Posted on December 2, 2010 by Avi Strausberg
this week’s parsha, מקץ, finds not only egypt, but the whole world suffering from a severe scarcity of food. joseph, after prophetically interpreting pharoah’s dreams of the forecoming famine, is put in charge of storing food in preparation for the ominous seven years ahead. many dualities are contained in this parsha. in pharoah’s first dream, he dreams of seven ears of corn, “scorched by the east wind,” that gobble up seven ears of “solid and full” corn. and in a second dream, seven ill-shaped, skinny cows eat up seven full-bodies, complete cows. through these dreams, we see a dichotomy between robustess and ill-being, between abundance and scarcity, between wholeness and want.

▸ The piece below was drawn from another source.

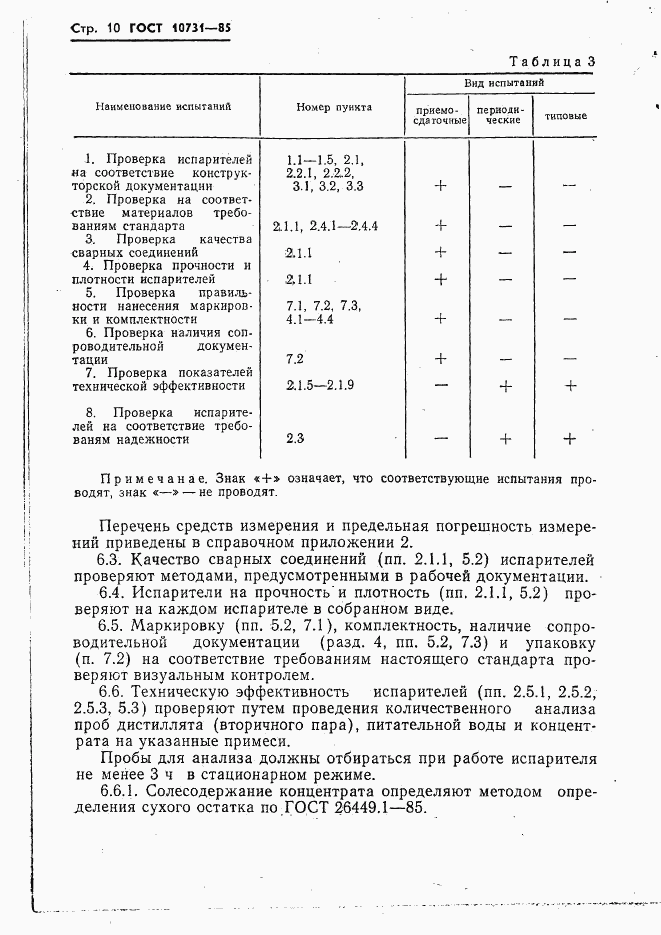 ГОСТ 10731-85, страница 12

the tension between the wholeness and the want that we see foreshadowed in pharoah’s dreams and realized during the years of the famine can be similarly seen in joseph’s own life. in last week’s parsha, joseph’s father yaakov, makes him that famous coat of many colors. and his brothers, before throwing him presumably naked in an empty pit, strip him of his coat. thankfully for joseph, pharoah, after entrusting joseph with the charge of all egypt, again clothes him, this time in a fine linen coat. and then again, when joseph’s brothers come to egypt begging for food rations, joseph repeatedly accuses them saying, מרגלים אתם לראות את–ערות הארץ באתם, “spies you are, you have come to see the land in its nakedness!” (mikkez, 42: 9). what’s going on with all of this putting on and stripping off of fine clothing? and why does joseph, somewhat crazily, insist that his brothers have come to see the land in its nakedness?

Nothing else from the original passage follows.